(Excerpted data)

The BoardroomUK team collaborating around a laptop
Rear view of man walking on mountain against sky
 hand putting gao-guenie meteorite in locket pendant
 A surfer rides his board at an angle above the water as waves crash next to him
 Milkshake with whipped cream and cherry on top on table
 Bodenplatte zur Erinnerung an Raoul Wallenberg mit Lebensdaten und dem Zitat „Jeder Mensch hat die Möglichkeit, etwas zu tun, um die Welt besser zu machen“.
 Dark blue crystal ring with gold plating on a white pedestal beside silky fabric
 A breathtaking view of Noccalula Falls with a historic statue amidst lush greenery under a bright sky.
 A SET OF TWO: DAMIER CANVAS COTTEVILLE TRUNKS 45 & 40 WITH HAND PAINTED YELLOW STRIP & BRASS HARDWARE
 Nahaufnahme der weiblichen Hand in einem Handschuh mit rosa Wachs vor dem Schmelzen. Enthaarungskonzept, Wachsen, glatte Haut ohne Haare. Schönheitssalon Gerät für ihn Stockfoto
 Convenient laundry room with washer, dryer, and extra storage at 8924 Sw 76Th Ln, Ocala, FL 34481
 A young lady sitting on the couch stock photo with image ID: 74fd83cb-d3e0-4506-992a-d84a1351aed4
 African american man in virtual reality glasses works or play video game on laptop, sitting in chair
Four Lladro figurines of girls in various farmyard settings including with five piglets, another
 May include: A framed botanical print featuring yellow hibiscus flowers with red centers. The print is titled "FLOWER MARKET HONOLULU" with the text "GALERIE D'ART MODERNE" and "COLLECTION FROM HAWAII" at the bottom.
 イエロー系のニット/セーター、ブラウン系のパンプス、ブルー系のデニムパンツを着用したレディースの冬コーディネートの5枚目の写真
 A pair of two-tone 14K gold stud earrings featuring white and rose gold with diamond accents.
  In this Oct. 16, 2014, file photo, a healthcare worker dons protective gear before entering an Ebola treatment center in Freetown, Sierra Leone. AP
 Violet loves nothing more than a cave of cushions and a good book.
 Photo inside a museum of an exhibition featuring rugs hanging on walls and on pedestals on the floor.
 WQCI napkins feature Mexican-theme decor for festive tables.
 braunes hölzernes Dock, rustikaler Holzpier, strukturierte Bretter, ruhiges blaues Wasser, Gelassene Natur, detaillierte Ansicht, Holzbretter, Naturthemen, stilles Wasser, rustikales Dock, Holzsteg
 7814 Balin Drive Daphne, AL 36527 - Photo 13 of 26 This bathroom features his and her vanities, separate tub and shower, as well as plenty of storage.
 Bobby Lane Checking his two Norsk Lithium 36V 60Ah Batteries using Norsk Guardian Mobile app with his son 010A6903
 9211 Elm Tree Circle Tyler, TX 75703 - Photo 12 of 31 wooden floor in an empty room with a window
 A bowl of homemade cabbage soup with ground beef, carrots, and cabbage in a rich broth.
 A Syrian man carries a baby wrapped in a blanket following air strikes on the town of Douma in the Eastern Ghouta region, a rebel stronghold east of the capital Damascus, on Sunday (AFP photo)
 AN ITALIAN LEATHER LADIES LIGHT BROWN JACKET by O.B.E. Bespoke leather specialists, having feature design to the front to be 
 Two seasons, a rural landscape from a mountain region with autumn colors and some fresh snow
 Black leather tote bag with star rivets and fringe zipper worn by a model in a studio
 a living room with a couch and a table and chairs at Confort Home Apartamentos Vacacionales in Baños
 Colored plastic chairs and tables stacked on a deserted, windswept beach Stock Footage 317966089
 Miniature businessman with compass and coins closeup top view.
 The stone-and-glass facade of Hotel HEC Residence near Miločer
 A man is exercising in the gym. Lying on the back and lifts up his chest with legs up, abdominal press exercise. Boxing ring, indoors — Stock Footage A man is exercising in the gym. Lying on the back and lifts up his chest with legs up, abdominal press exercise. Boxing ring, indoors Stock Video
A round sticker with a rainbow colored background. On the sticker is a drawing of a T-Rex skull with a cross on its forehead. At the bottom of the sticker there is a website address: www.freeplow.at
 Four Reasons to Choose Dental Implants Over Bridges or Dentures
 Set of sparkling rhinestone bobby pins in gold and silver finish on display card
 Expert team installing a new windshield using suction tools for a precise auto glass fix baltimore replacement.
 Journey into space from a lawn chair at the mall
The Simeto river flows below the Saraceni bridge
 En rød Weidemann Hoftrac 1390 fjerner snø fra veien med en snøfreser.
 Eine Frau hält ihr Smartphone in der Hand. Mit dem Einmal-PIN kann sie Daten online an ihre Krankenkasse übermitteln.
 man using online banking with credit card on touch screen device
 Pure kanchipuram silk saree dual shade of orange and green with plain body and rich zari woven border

(End Excerpted data)

# Try it:
Repeat the entries above exactly, beginning at their first line and ending with the line that contains "Dark blue crystal", with nothing added.

# Response box:
The BoardroomUK team collaborating around a laptop
Rear view of man walking on mountain against sky
 hand putting gao-guenie meteorite in locket pendant
 A surfer rides his board at an angle above the water as waves crash next to him
 Milkshake with whipped cream and cherry on top on table
 Bodenplatte zur Erinnerung an Raoul Wallenberg mit Lebensdaten und dem Zitat „Jeder Mensch hat die Möglichkeit, etwas zu tun, um die Welt besser zu machen“.
 Dark blue crystal ring with gold plating on a white pedestal beside silky fabric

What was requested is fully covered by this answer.